Instructions for the task | The task for the listing below is to write out exactly the lines starting at the one containing "Modular 7-Piece Black" and ending at the one containing "Eerste reis 20FT", both included. Pictures are to be omitted.

The data |
==============================

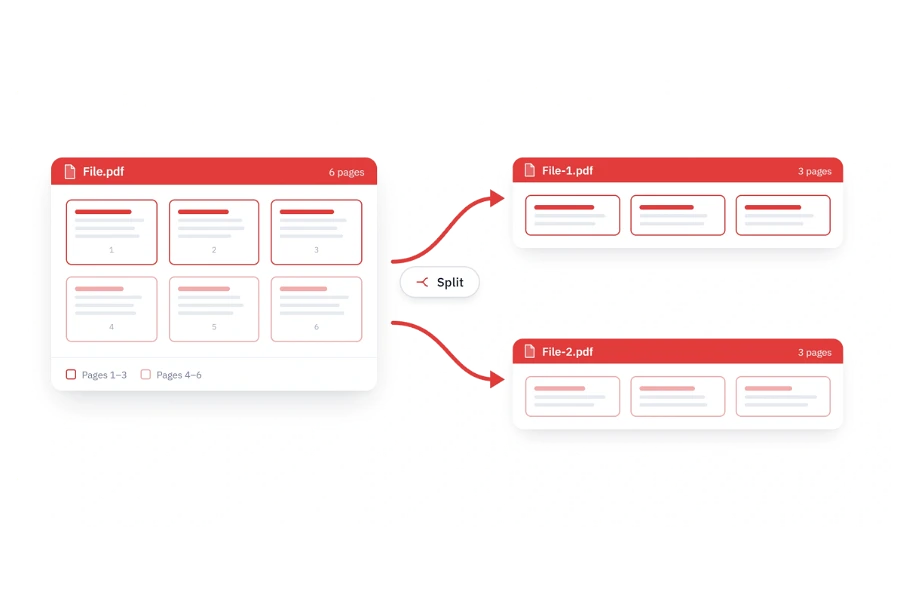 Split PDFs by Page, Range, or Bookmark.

==============================

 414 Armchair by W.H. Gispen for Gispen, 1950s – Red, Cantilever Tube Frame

==============================

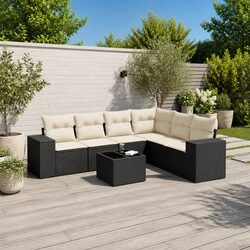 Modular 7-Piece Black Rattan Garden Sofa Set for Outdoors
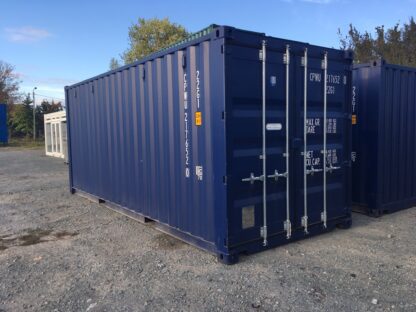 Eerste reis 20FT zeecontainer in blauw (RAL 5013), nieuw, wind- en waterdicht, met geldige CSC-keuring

==============================

Exercise response |
 Modular 7-Piece Black Rattan Garden Sofa Set for Outdoors
 Eerste reis 20FT zeecontainer in blauw (RAL 5013), nieuw, wind- en waterdicht, met geldige CSC-keuring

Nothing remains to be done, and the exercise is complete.